Un deuxième navire de guerre iranien fait route jeudi vers le Sri Lanka dans l’océan Indien, au lendemain du torpillage d’une frégate iranienne par un sous-marin américain, qui a fait au moins 87 morts, a déclaré un ministre sri-lankais devant le Parlement de l’île.

Le ministre sri-lankais des Médias, Nalinda Jayatissa, a indiqué que ce bâtiment iranien se situait juste en dehors des eaux territoriales, sans donner plus de détails.

Plus d’une centaine de membres d’équipage se trouveraient à bord, selon des sources officielles qui ont dit craindre qu’il ne soit pris pour cible, comme la frégate iranienne coulée mercredi au large de la côte sud de ce pays d’Asie du Sud.

Le torpillage de mercredi est survenu au moment où la guerre déclenchée par une attaque conjointe américano-israélienne contre l’Iran continuait de s’étendre à travers le Moyen-Orient et au-delà.

Les autorités de la ville portuaire de Galle, au sud du pays, se préparaient jeudi à remettre les corps des 87 marins iraniens qui ont été récupérés la veille lors des opérations de recherche lancées par les autorités sri-lankaises.

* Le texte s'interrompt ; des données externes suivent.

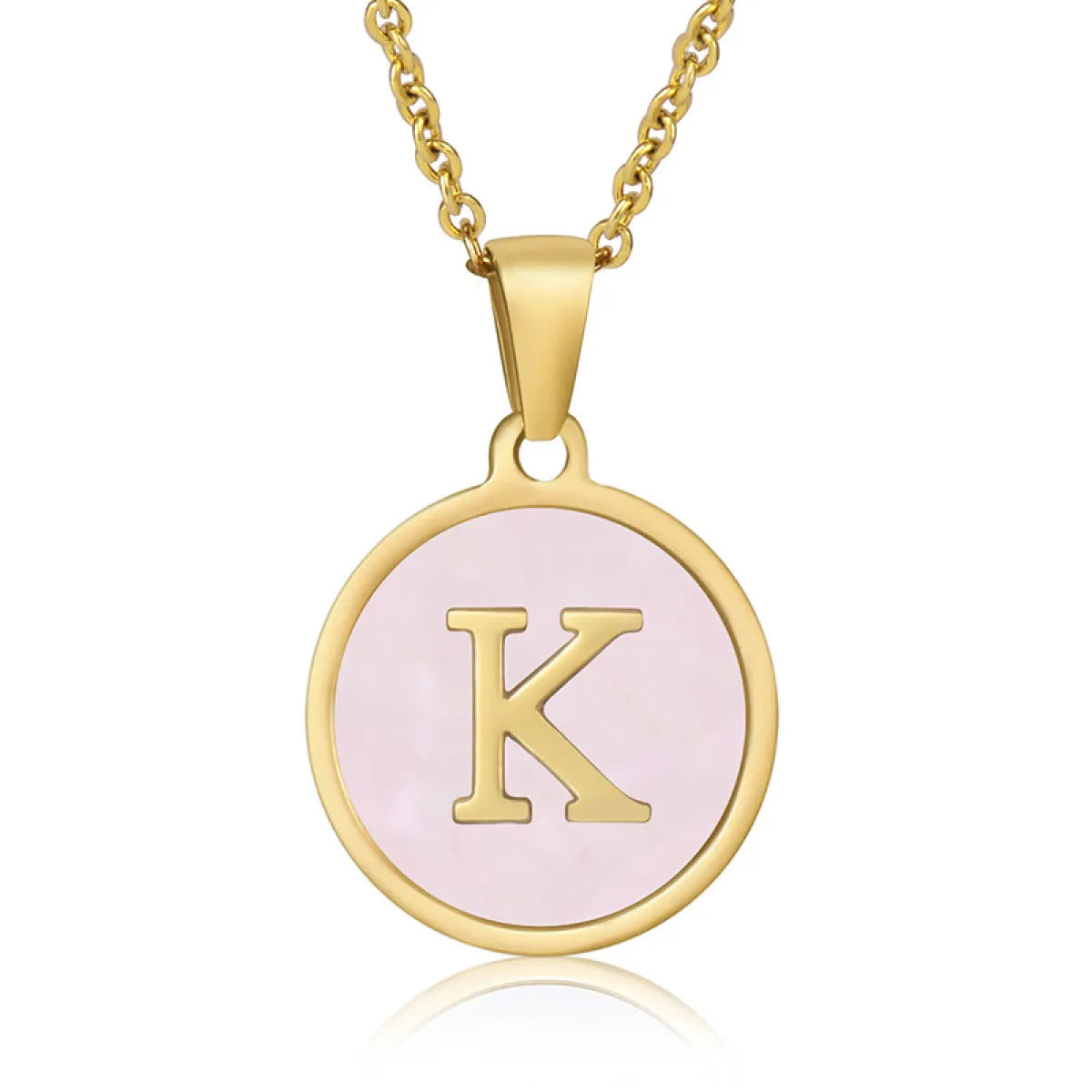 A-Z Letter Charms Round Enamel Alphabet Initial Necklace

Des membres d’équipage de cette frégate, sur laquelle se trouvaient 130 marins quand elle a été torpillée, sont toujours portés disparus.

Le porte-parole de la marine, Buddhika Sampath, a indiqué à l’AFP que des bâtiments de la marine de l’île poursuivent leurs recherches.

Des responsables du principal hôpital de Galle ont indiqué que 32 Iraniens secourus étaient toujours soignés et la police et des commandos d’élite assurent leur sécurité.

L’accès au service des urgences de cet établissement est interdit aux visiteurs et aux autres patients, les autorités médicales ayant mis en place une salle séparée pour les Iraniens.

«La plupart d’entre eux ont des blessures légères, mais quelques-uns présentent des fractures et des brûlures», a déclaré une infirmière de l’hôpital, qui n’a pas donné son nom.

L’Iran n’a pas encore réagi au naufrage.

Le Sri Lanka est resté neutre depuis le début de la guerre au Moyen-Orient, appelant au dialogue.